**Task brief**
Transcribe all of the records, leaving out any pictures.

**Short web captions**
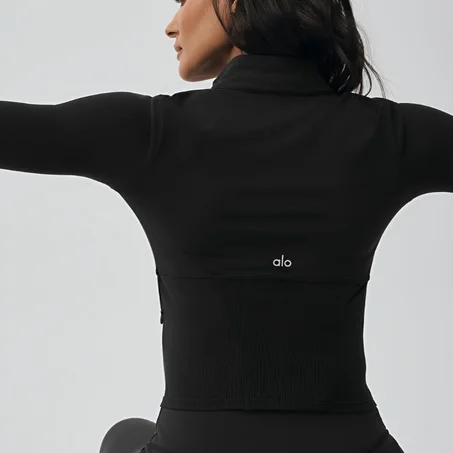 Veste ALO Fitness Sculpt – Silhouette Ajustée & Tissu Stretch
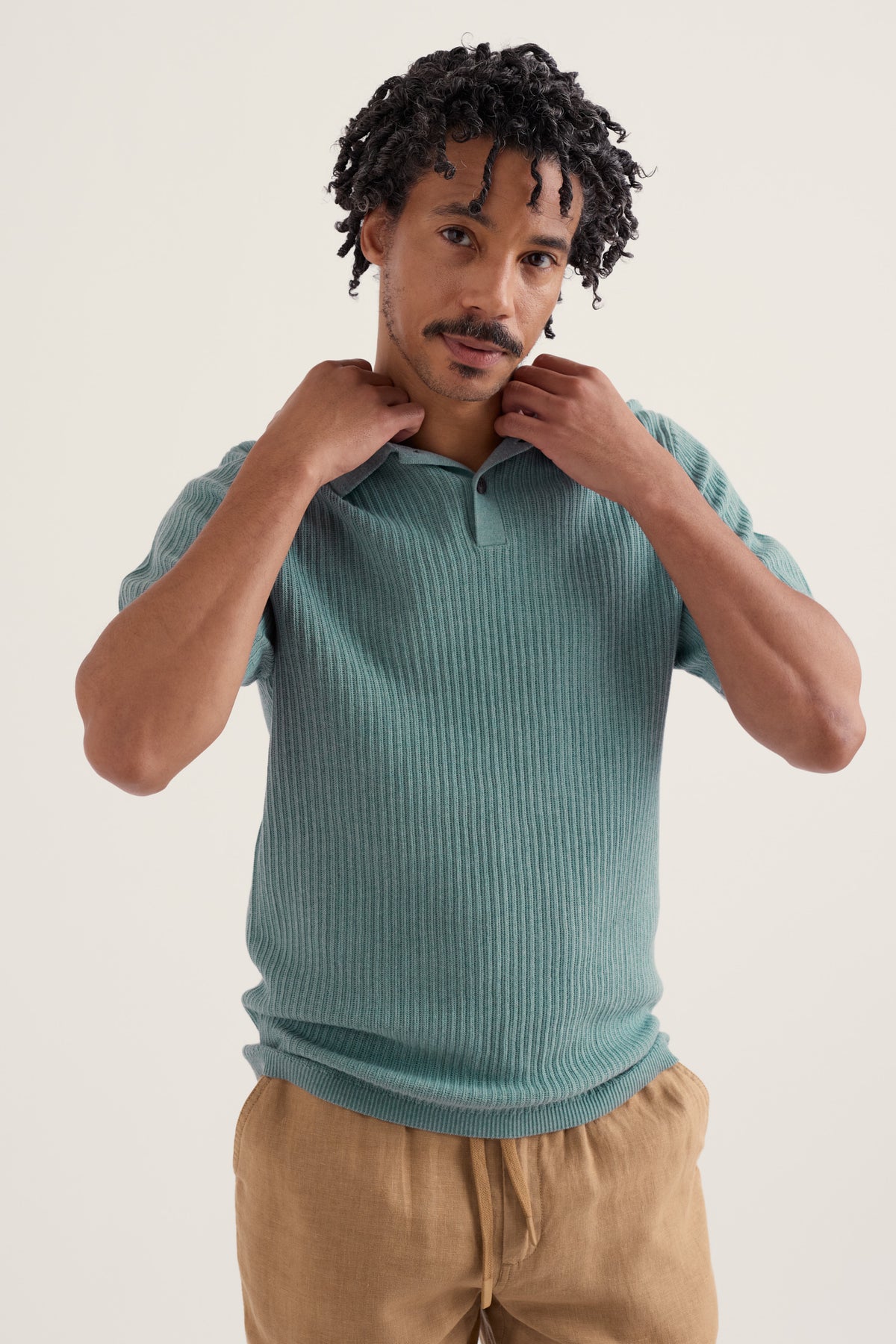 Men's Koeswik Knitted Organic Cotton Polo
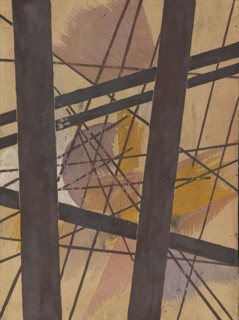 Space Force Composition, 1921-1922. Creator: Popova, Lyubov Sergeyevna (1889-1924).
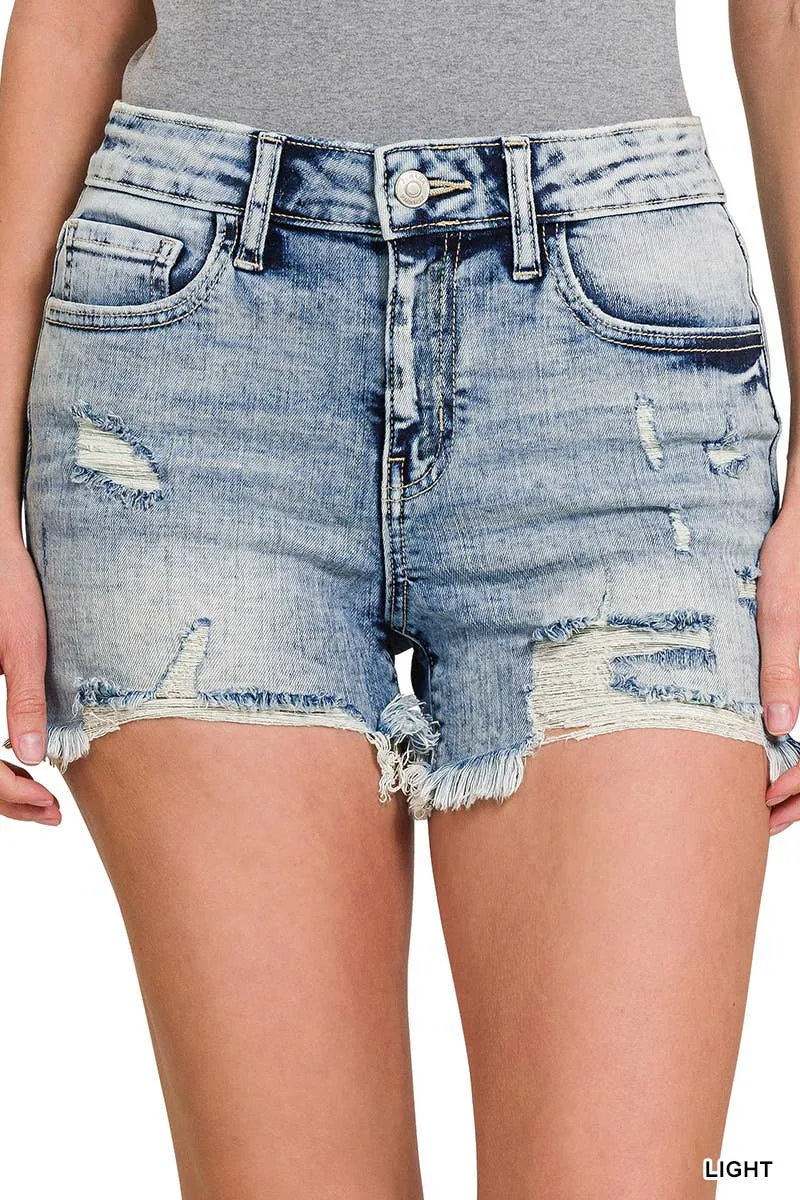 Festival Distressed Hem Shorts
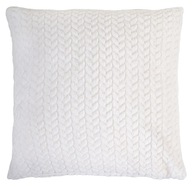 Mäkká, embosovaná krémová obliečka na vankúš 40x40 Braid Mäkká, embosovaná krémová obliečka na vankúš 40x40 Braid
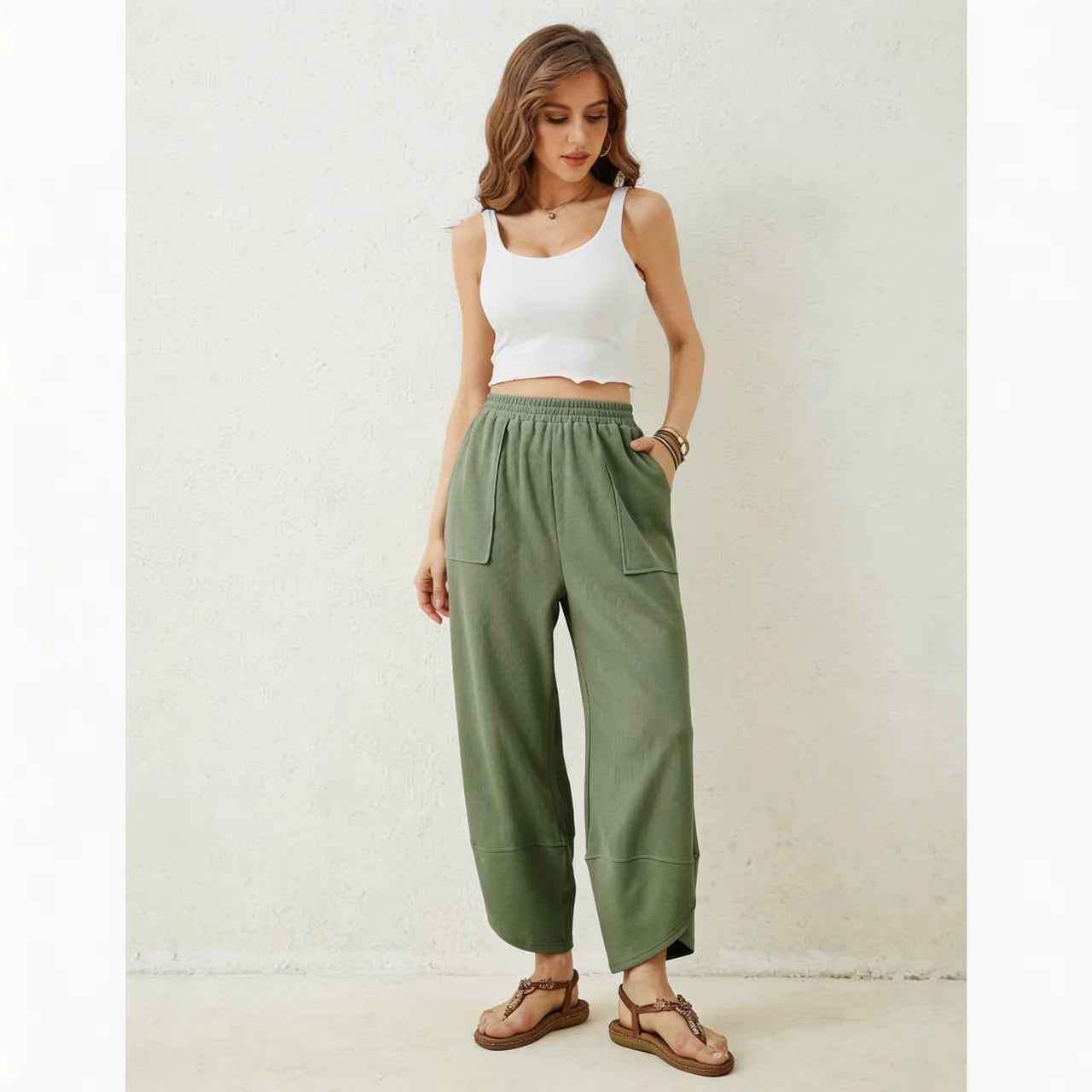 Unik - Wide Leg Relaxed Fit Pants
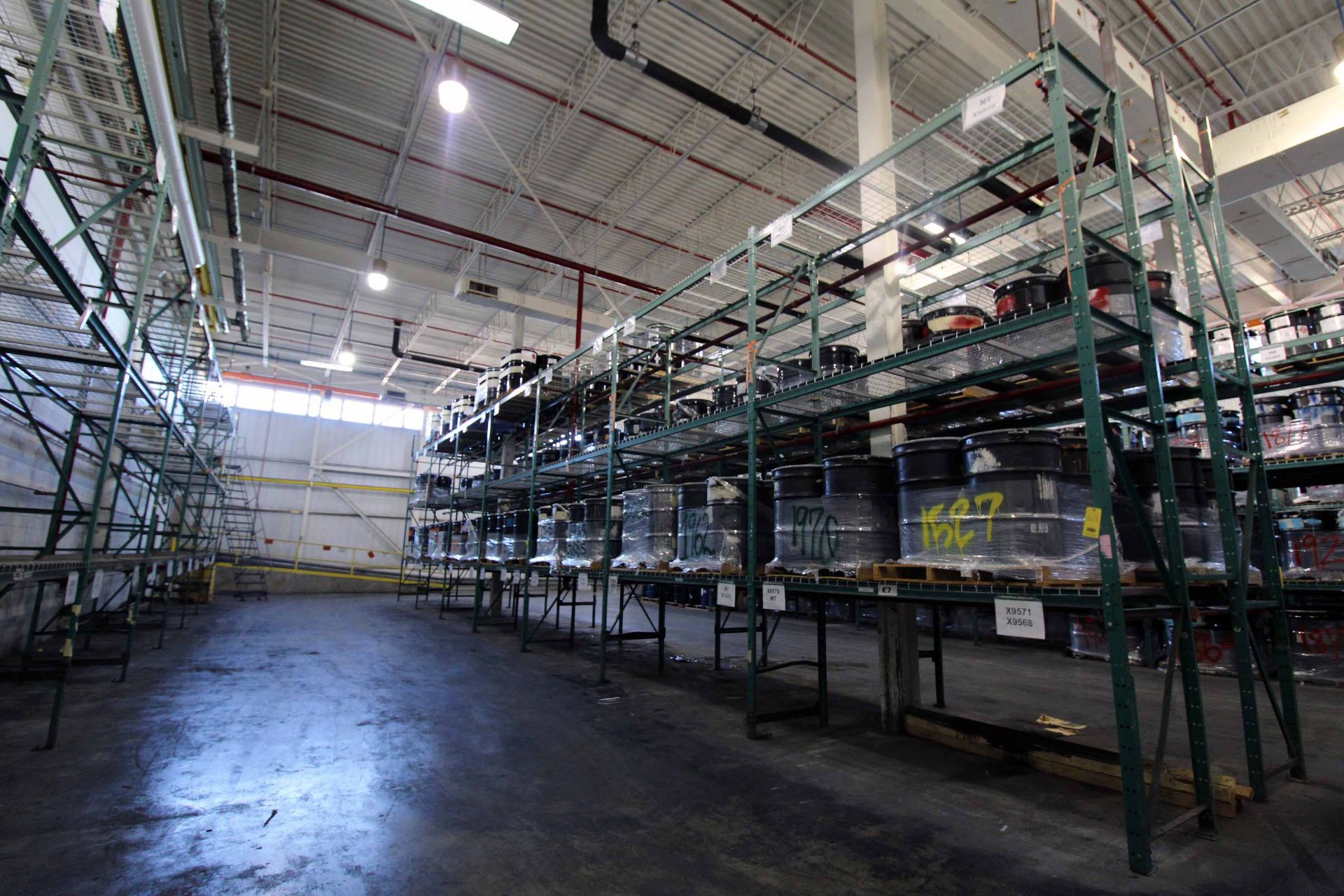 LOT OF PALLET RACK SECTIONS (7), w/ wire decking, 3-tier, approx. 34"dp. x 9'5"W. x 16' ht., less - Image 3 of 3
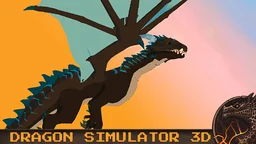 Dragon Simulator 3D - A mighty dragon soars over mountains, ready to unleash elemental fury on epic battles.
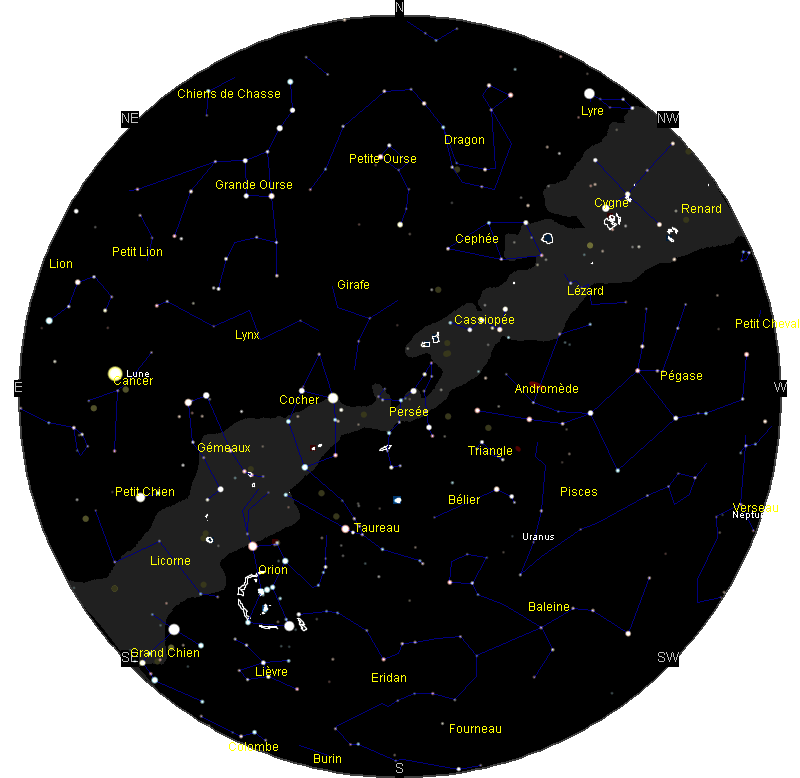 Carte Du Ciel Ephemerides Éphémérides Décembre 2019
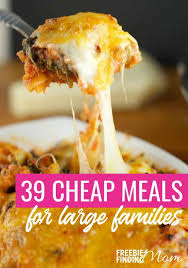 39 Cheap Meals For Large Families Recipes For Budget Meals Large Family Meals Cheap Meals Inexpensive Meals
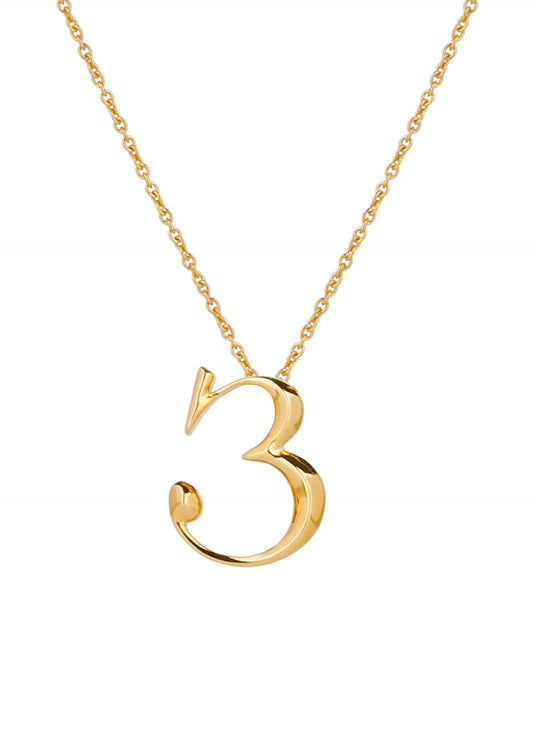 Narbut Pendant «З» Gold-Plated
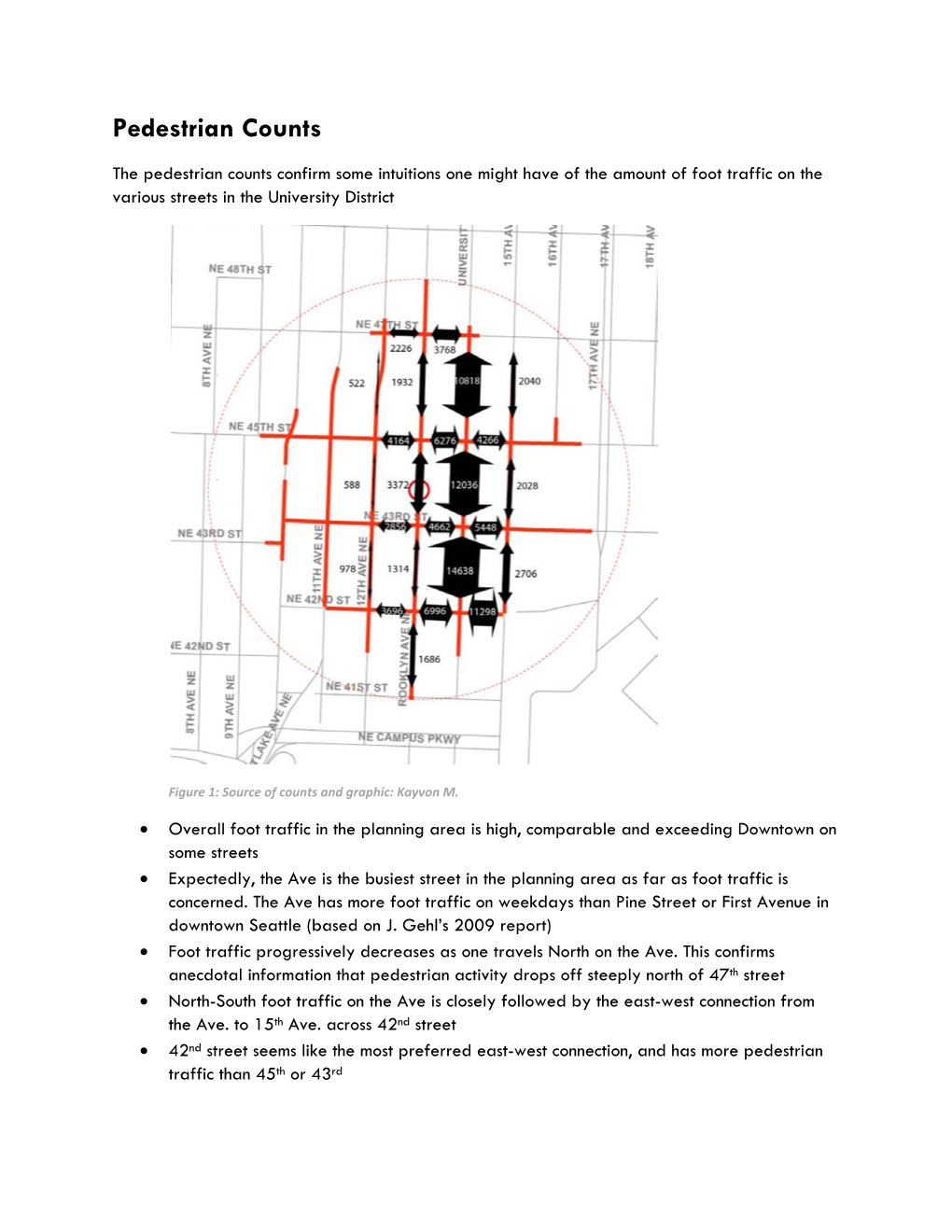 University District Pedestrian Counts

**Response box**
 Veste ALO Fitness Sculpt – Silhouette Ajustée & Tissu Stretch
 Men's Koeswik Knitted Organic Cotton Polo
 Space Force Composition, 1921-1922. Creator: Popova, Lyubov Sergeyevna (1889-1924).
 Festival Distressed Hem Shorts
 Mäkká, embosovaná krémová obliečka na vankúš 40x40 Braid Mäkká, embosovaná krémová obliečka na vankúš 40x40 Braid
 Unik - Wide Leg Relaxed Fit Pants
 LOT OF PALLET RACK SECTIONS (7), w/ wire decking, 3-tier, approx. 34"dp. x 9'5"W. x 16' ht., less - Image 3 of 3
 Dragon Simulator 3D - A mighty dragon soars over mountains, ready to unleash elemental fury on epic battles.
 Carte Du Ciel Ephemerides Éphémérides Décembre 2019
 39 Cheap Meals For Large Families Recipes For Budget Meals Large Family Meals Cheap Meals Inexpensive Meals
 Narbut Pendant «З» Gold-Plated
 University District Pedestrian Counts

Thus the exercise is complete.